A bit further on and there was my third new species of the day: Common Spotted Orchids. Like the marsh orchids, they were very early – I was used to seeing these hit their peak around the summer solstice back home – and there were droves of them. Their waxy leaves are splattered with purple, and their flowers are pale fuchsia, with lilac loops and cryptic squiggles, as if telling a story. I kept my distance: get too close and they’re hypnotic.

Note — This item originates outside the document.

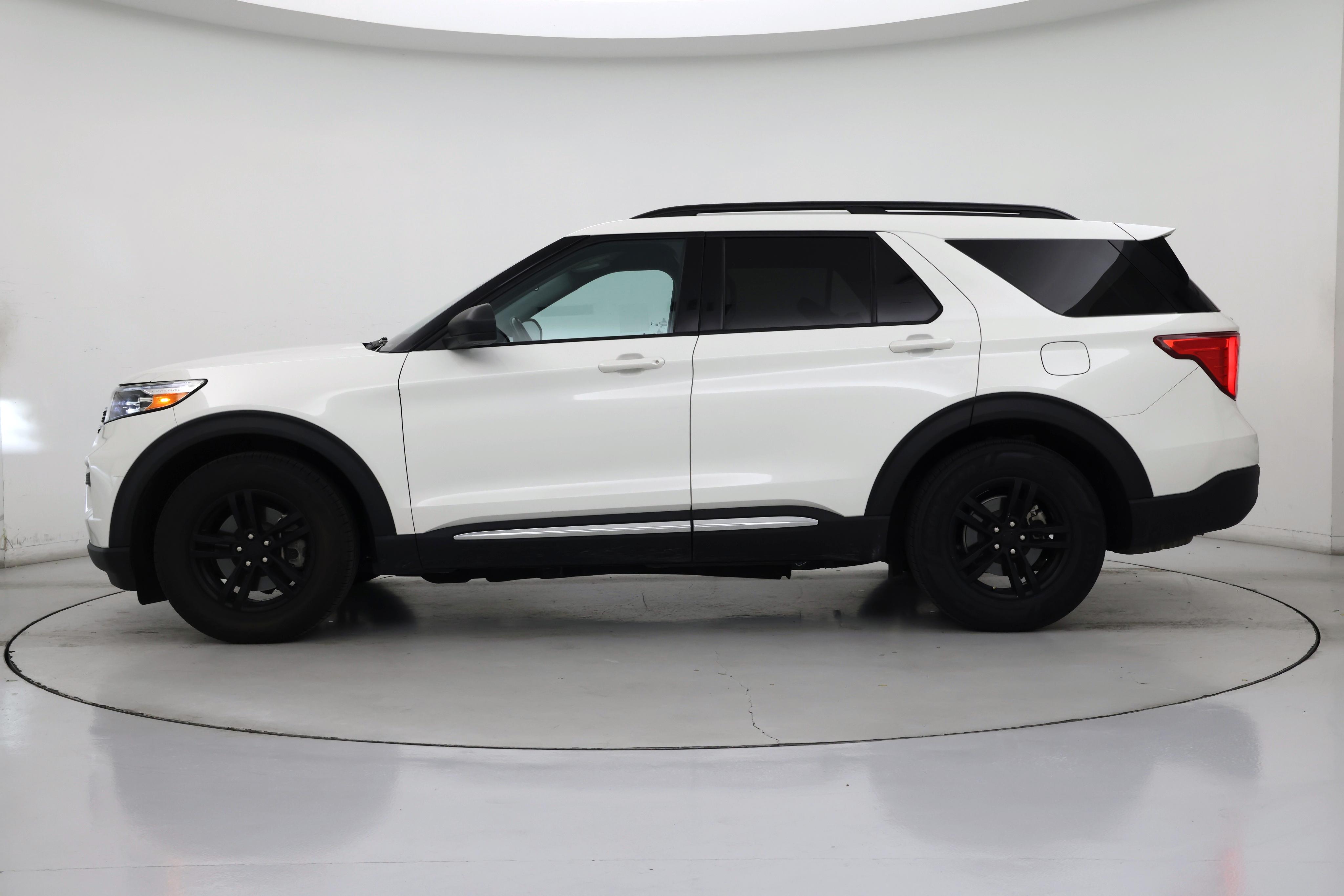 Thumbnail: 2022 Ford Explorer - 3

I jumped back on my bike and cycled towards the sea, passing a long ditch of Loose-flowered Orchids. They were certainly the most southerly orchids I would find this year. The Channel Islands have played host to several other orchids in the past that haven’t yet established themselves on the British mainland. Tongue Orchids, of the genus Serapias, are Mediterranean in origin but occasionally turn up on the Channel Islands. They are pale grey with reddish streaks and a flat auburn tongue of a petal. They supposedly attract pollinators by mimicking little insect burrows.

The name Serapias is derived from Serapis, a composite Graeco-Egyptian god uniting the sacred bull Apis with Osiris, ruler of the underworld. His orgiastic cult inspired the Greek physician Pedanius Dioscorides to give the name Serapias to an aphrodisiacal orchid, which was later applied to the genus by Linnaeus in 1753.

Until the late 1980s, there were no records at all of these species in the UK, but in 1989 two spikes of Small-flowered Tongue Orchid were found on the coast of Cornwall. Since then, numbers have oscillated between zero and five each year. It’s unknown whether they were established as a result of wind-blown seed or deliberately introduced by a local orchid fanatic. But the fact they survived and flowered suggests global warming may already be having an effect on the range of orchid species. Might we see an influx of new species over the course of the next century? Will sightings of Small-flowered Tongue Orchid become more frequent?

I arrived at the beach, locked my bike to a railing and climbed a dune through swathes of thrift and sea campion. At the top, I had a wide-angled, unadulterated view of a crisp, docile sea, its shallow waves reflecting the sun in rhythmic pulses. Down on the shoreline, three wading birds were picking their way along the beach, acting in tandem with the water and rushing to safer ground with every swell and surge. A light breeze caused tiny grains of sand to swarm across the path before settling among the marram at my feet. The smell of salt was left hanging in the air.

After a long, refreshing swim in the sea, I returned to the dunes. I had really been in my element in the fields with the Loose-flowered Orchids. This was an ungendered obsession: with the natural world, with orchids, with nature in its purest form.